*RECORD EXCERPTS*.
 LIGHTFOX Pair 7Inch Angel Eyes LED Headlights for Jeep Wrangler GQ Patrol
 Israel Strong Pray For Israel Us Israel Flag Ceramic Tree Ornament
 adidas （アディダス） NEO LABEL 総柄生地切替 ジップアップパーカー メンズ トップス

* * *

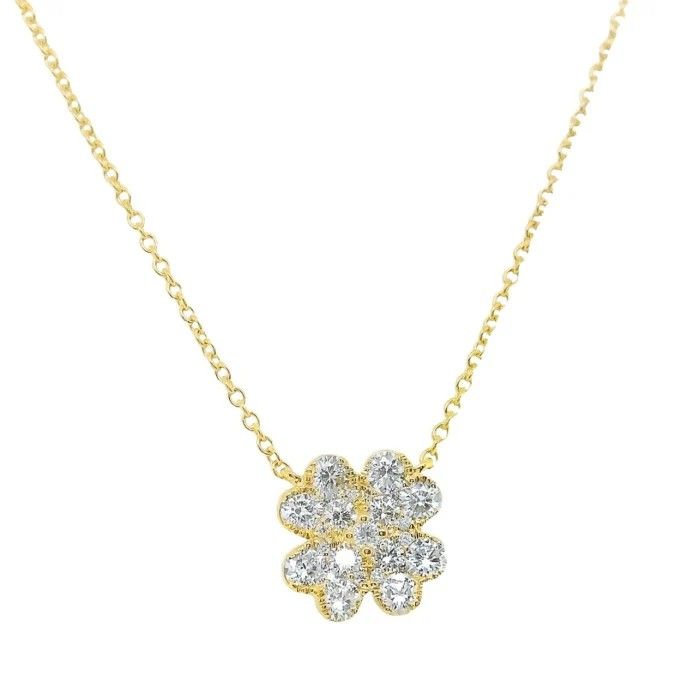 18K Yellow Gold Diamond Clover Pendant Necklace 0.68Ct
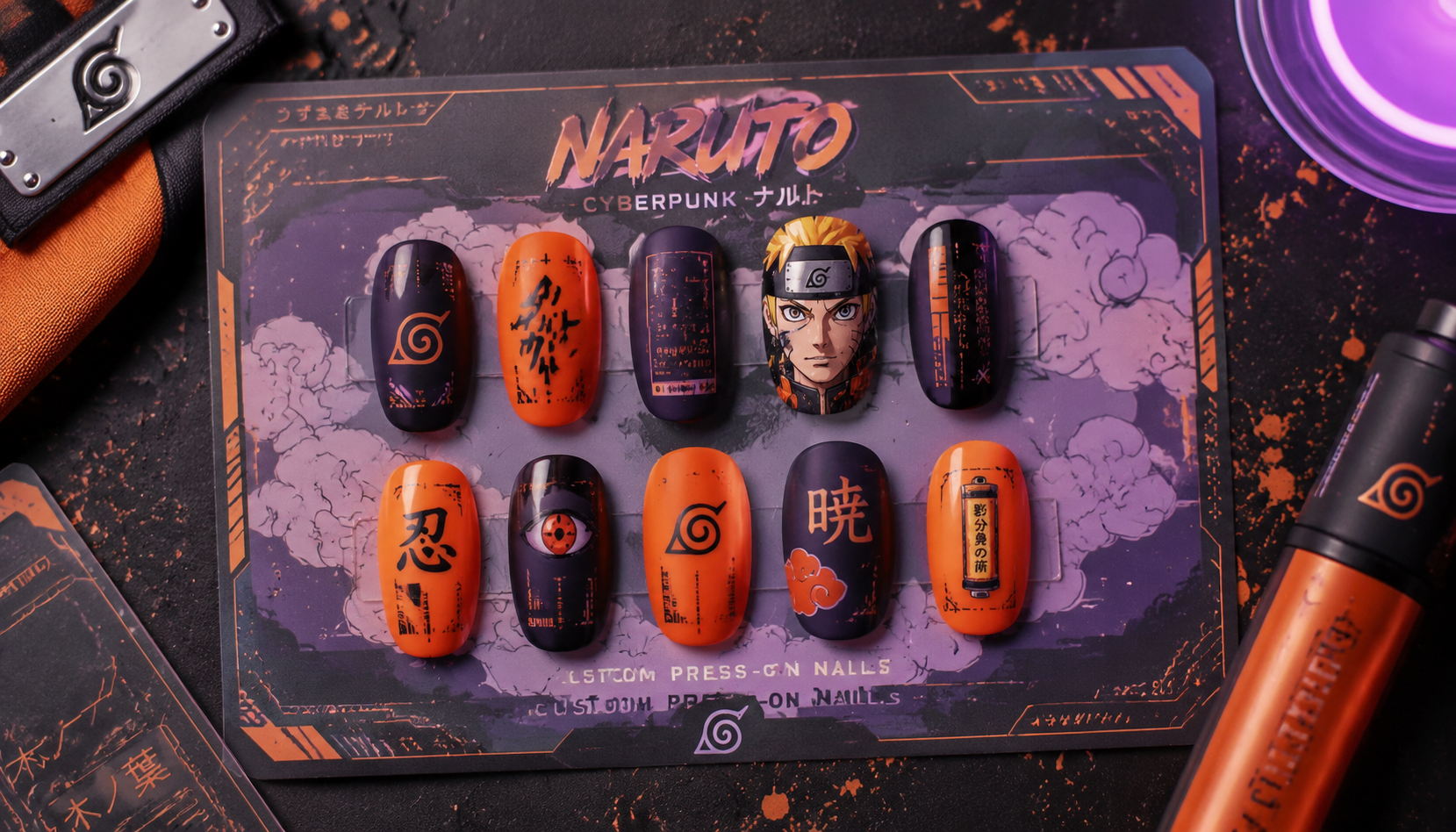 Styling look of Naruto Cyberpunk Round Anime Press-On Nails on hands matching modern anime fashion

*PROBLEM REQUIREMENTS*. The material above holds pictures; leave them out. Repeat exactly the lines from the one containing "18K Yellow Gold" through the one containing "Styling look of", and nothing else.

*ANSWER TO THE PROBLEM*.
 18K Yellow Gold Diamond Clover Pendant Necklace 0.68Ct
 Styling look of Naruto Cyberpunk Round Anime Press-On Nails on hands matching modern anime fashion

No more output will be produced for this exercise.